Wowsah! What a show and a wacky set of circumstances they were that culminated in one of the most rewarding Rock On experiences in my whole 21 year show-going career!

Andrew played here in Chicago (well Rosemont, actually) this past weekend on July 27th. He was the headliner for some local radio station showcase called "Show and Tell" or some crap. Ironic because hardly anyone showed up to see what was billed as "twelve bands for thirteen bucks" in the parking lot of a very large arena. But those who did show up were definitley there for W.K. and the boys. And they were great once they finally got on stage... W.K. headlined and he was only allowed to play six friggin' songs!

All of this would have left me extremley ticked off under normal circumstances. I mean, I sweated it out in the sun for what seemed like a week, enduring set after set of the most boring industry pap imaginable waiting for Andrew and the boys to show up, and they only let him play SIX SONGS?

But as I hinted above these were not normal circumstances. I'd been doing my duty for my rock band (Elgin's own mighty MASHERS) that afternoon, getting drunk and handing out comp tickets for our upcoming show (Friday August 9th... Double Door, Chicago) and talking to anybody who had an opinion about Andrew W.K. and Rock Action in general. I struck up a conversation with a group of guys who basically looked like they belong on the show jack-ass. You know, pretty boys who are too friggin' nuts for their own good. These guys were a blast!

The six of us met up with Andrew's guitar player Jimmy. He's a totally approachable guy who signs all his autographs "I love Andrew W.K." The reason, he explains is because if Andrew hadn't given him his current job, he'd be sweating his nuts off in the summer heat painting houses. Judging from the back stage area at the Allstate arena, his current occupation whips the pants off his previous job description hands down. And me and the jack-ass boys would soon see the backstage... indeed, soon we'd all have ALL ACCESS PASSES.
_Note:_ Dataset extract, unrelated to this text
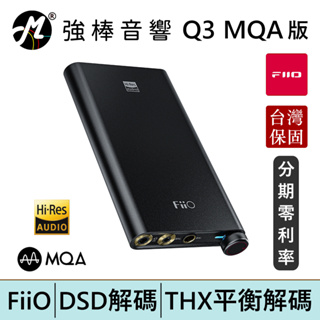 FiiO Q3 MQA版 THX平衡解碼 耳機功率擴大器 耳擴 台灣總代理公司貨 | 強棒電子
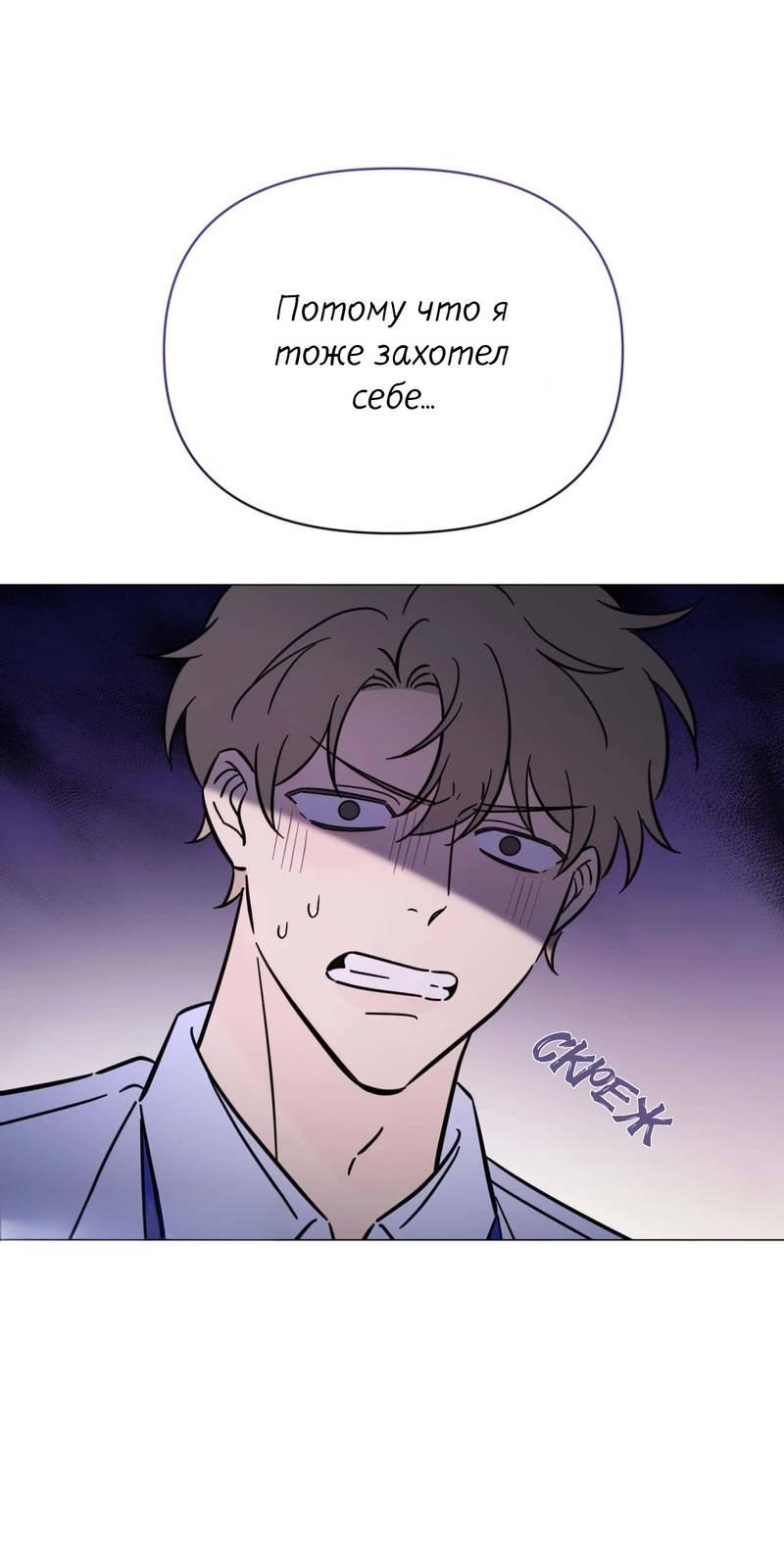 Манга Несовместимый гид - Глава 2 Страница 1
See, one of these guys (I'll refrain from refering to them as Jack-ass, cause as I said, they're kinda crazy) does in fact bear a passing resemblence to Andrew. Stringy hair, scraggly beard and chipped teeth. That's where it ends, but a young employee at the arena mistook him for the man and relayed to him the story of a young man in the parking lot who insisted he was a childhood friend of Andrew's. He wanted a backstage pass, and should she give him one? "Yeah," he dead-panned,"and get passes for these guys too," he said, gesturing in a manner which encompassed the entire group. So we went backstage and found Andrew. he was obviously a little stressed, I dunno if it was the fact that he was being screwed with the time slot (a matter he emphatically apologized for from the out set) or if he was just in a lousy mood. He was nice enough though, and even laughed when his "double" recounted the story of how we came to be in his orbit. Most likley we just annoyed the piss out of him, though. hahaha. we all stood on the stage as the group opened with "It's Time to Party" and we mashed it up as they followed with "I Get Wet," "Ready to Die", "She is Beautiful" and the closer "Party Hard" where he basically invited the entire crowd onto the stage. And they would've been there had it been able to hold them. Come to think of it, I guess they only did 5 songs. But I think I got my 13 dollars worth. It was a fun night.